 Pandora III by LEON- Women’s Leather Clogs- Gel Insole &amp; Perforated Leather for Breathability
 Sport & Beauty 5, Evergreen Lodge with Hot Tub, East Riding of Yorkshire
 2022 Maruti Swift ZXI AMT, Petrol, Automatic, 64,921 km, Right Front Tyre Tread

● ● ● ●

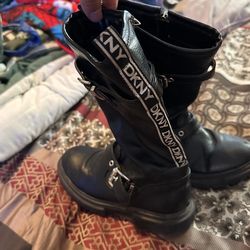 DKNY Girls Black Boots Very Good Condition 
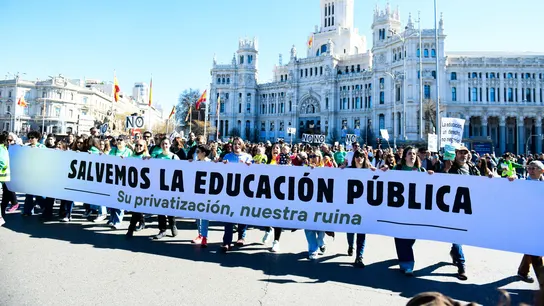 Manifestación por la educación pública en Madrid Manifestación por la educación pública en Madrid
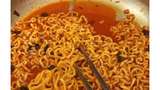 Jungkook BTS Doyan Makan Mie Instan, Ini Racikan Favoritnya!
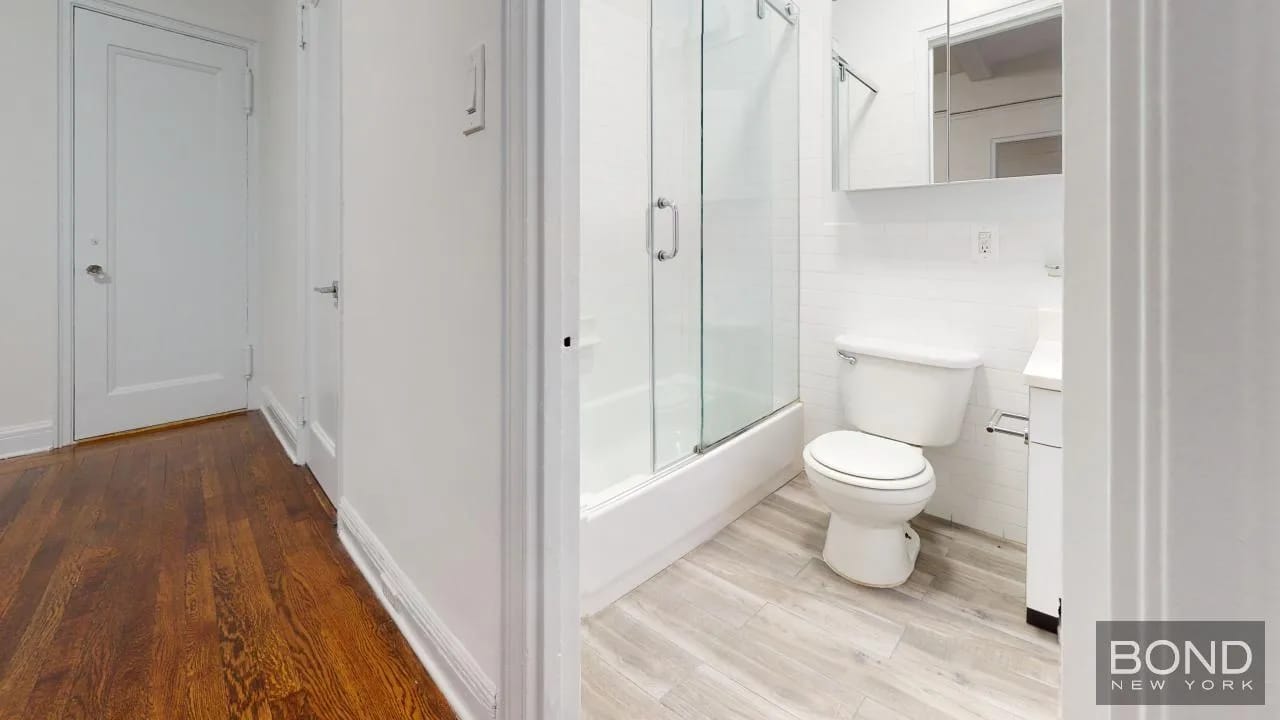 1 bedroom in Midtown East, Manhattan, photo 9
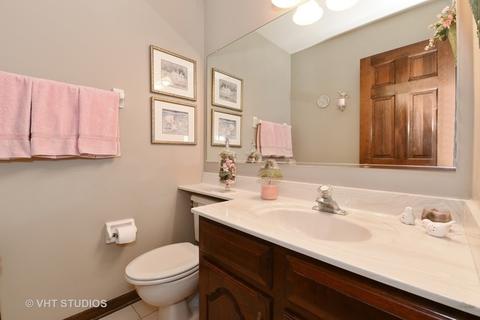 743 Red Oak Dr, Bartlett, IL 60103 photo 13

● ● ● ●

**PROBLEM TO SOLVE**
An exact copy is needed of the stretch above that opens with the line containing "Jungkook BTS Doyan" and closes with the line containing "743 Red Oak Dr, Bartlett, IL 60103 photo 13"; the pictures are not part of it.

**TASK ANSWER**
 Jungkook BTS Doyan Makan Mie Instan, Ini Racikan Favoritnya!
 1 bedroom in Midtown East, Manhattan, photo 9
 743 Red Oak Dr, Bartlett, IL 60103 photo 13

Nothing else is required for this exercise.